31 de marzo de 2026
Fernando Tebele y María Eugenia Otero, fundadores de La Retaguardia, presentaron los dos tomos del libro “50. Historias de juicios por la dictadura argentina”, en una conversación con el nieto restituido Guillermo Amarilla Molfino.
“La palabra oral es fugaz pero la palabra escrita queda para siempre”, reconoció Guillermo Amarilla Molfino, nieto restituido. El relato sobre su familia es una de las 50 crónicas que conforman el libro “50. Historias de juicios por la dictadura argentina”, que se presentó en Casa por la Identidad.
Fernando Tebele y María Eugenia Otero, fundadores de La Retaguardia -colectivo comunicacional que transmite los juicios y editó el material-, dieron inicio al encuentro con la lectura de fragmentos de las crónicas construidas por diversos autores, a partir de los testimonios de sobrevivientes y familiares en diversos juicios de lesa humanidad.
El libro, en dos tomos, aborda las diferentes problemáticas que plantea el genocidio: el robo de bebés, las torturas o la solidaridad y la resistencia dentro de los centros clandestinos, entre otros ejes. Allí, escriben periodistas y especialistas como Eduardo Anguita, Ángela Urondo Raboy, Claudia Cesaroni o Pablo Llonto.
Esta presentación inauguró el ciclo que se llevará a cabo una vez al mes en la Casa por la Identidad, con entrada libre y gratuita, con el apoyo del Banco Provincia.
"Llevamos transmitiendo 75 juicios desde 2020", contó Otero, para dar cuenta de la magnitud del trabajo. "Algo que hacemos en La Retaguardia es elegir lo que queremos mostrar y una de las cosas es la cara de los genocidas. A ellos les molesta que los mostremos", dijo. Sobre la importancia de estas transmisiones, amplió: "Muchas personas pueden seguir el juicio por televisión desde sus casas. Eso también implica un control a la justicia: los estamos mirando y la justicia se sabe mirada".
Los autores explicaron que quisieron "convertir ese laburo cotidiano al papel”. "Es un libro difícil porque cuenta historias de sufrimiento, pero también de resistencia, de organización, de afectos y cuidados que sucedían adentro de los centros clandestinos ", sintetizó Otero.
"Cuando nos pusimos en la tarea de ver cuales iban a ser esas historias nos vimos en un lío enorme. Había cientos de historias que no podían estar afuera pero no entraron”, detalló Tebele. “Nos propusimos que las historias pudieran tener la mayor cantidad de temáticas posibles de las que nosotros vemos todos los días en los juicios", amplió.

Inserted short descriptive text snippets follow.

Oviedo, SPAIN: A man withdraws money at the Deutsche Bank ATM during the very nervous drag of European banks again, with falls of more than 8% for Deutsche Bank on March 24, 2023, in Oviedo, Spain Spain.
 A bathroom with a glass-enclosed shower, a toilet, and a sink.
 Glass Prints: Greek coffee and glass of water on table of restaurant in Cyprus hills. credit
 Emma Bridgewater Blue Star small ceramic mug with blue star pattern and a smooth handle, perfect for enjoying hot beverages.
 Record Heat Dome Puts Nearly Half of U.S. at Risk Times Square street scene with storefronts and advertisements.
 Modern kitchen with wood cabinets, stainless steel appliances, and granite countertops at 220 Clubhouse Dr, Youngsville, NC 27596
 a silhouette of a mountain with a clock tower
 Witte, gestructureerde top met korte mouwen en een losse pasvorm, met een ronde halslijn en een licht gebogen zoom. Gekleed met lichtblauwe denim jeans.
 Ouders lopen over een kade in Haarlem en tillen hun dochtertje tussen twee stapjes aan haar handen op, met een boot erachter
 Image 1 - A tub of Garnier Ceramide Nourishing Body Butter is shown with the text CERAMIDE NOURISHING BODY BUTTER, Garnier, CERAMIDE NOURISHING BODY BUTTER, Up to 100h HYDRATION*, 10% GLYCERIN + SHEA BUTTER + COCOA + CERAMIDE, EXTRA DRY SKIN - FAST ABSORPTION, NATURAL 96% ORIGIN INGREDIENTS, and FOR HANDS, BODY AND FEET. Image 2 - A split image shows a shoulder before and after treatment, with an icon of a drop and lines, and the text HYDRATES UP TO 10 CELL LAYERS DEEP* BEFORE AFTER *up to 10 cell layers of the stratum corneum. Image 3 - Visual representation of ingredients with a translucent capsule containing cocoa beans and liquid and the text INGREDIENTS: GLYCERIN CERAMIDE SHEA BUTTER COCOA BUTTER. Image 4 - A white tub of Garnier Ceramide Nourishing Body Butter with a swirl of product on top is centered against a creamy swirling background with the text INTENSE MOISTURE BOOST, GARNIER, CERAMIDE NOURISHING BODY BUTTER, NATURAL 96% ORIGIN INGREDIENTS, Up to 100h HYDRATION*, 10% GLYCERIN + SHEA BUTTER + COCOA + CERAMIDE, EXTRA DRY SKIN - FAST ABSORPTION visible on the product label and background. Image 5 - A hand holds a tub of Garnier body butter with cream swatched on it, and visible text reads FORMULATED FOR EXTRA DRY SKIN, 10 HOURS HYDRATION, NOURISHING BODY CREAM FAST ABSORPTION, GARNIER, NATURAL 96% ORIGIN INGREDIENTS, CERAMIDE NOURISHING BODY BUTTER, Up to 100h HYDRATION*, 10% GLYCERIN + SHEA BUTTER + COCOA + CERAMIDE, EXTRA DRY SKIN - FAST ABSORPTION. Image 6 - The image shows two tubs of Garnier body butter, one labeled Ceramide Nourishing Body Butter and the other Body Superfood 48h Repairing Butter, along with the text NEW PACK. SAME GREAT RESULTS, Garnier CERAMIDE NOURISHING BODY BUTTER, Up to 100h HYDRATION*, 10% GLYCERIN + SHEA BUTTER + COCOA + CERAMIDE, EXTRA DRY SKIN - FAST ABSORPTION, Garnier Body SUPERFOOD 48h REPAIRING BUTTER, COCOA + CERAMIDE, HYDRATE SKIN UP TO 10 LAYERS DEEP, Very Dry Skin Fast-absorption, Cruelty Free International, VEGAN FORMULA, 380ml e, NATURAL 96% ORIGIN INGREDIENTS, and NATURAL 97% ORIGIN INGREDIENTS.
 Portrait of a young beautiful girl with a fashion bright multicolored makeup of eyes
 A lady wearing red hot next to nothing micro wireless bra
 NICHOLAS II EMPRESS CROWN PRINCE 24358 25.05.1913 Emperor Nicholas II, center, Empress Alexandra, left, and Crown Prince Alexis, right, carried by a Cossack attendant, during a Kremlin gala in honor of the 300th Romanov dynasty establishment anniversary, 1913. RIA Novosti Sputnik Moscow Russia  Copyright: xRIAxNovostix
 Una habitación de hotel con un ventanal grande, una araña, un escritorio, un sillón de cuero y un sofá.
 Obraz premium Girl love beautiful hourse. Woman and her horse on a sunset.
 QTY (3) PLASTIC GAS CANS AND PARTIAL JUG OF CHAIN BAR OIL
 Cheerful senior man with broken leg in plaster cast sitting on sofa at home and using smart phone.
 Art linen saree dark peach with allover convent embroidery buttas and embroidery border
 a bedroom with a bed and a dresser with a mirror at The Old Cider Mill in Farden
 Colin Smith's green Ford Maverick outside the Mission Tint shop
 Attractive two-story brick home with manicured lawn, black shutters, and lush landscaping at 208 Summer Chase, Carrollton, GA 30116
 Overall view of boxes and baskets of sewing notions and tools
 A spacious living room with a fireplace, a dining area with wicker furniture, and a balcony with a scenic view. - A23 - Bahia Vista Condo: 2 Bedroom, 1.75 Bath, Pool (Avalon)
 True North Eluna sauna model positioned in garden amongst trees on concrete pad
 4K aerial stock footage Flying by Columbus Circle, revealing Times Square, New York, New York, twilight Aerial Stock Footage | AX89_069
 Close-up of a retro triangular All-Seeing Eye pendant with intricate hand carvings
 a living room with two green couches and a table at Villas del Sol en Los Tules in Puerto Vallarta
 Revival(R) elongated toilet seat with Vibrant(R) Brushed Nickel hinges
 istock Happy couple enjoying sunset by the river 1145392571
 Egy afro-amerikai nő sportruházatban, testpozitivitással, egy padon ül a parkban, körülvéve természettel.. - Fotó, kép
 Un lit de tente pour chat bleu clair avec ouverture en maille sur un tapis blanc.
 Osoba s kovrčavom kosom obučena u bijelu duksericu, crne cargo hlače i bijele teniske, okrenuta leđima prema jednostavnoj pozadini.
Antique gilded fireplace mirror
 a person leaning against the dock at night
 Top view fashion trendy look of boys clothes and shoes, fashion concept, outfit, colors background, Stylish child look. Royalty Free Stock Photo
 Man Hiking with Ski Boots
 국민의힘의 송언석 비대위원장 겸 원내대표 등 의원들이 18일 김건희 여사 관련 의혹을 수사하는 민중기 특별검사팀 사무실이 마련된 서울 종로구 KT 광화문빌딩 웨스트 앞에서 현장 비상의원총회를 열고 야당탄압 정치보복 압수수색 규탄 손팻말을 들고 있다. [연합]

Tebele también se refirió a la dificultad de que los grandes medios den cobertura a los juicios. “Nunca tuvimos la pretensión de ser el único medio. Cuando empezamos en 2010 a hacer un programa de radio sobre los juicios pensamos que rápidamente otros lo iban a tomar. Pero la verdad es que los juicios ocupan cada vez menos lugar en los medios tradicionales de comunicación. Casi no pasa siquiera lo que pasaba antes, que estaban el día uno y el del veredicto. Hoy casi no se habla de los juicios en esos medios, dicen que ya no importa el tema”. Sin embargo, acotó el periodista, “este marzo, la previa, la marcha y sus coletazos lo único que certifican es que el interés social está”.
Luego, Otero señaló otras aristas importantes de estas transmisiones: “El reconocimiento a un secuestrador porque lo estaban viendo en pantalla gigante, el agradecimiento de personas que de otra forma no podrían estar viendo el juicio de su familia, poder mirar a la justicia y lo que hace, las devoluciones que recibimos de profesores que usan los materiales para las clases, para investigaciones”.
La propuesta a los autores que participaron del libro fue que tomaran un testimonio y escribieran esa historia para rescatar a sus protagonistas. En este sentido, Otero resaltó el valor de “los sobrevivientes” porque “sin ellos y ellas nada tendría sentido ni podría haber ocurrido". En cuanto a los reconocimientos, también hubo palabras para homenajear a la jueza María del Carmen Roqueta, presidenta del tribunal que probó la existencia del Plan Sistemático de robo de bebés, quien falleció esta semana.
La primera edición de estos dos tomos ya está prácticamente agotada. La presentación culminó con un número musical y un deseo expresado por Otero, para la continuidad de estas historias: "Ojalá sea el comienzo de otros libros”.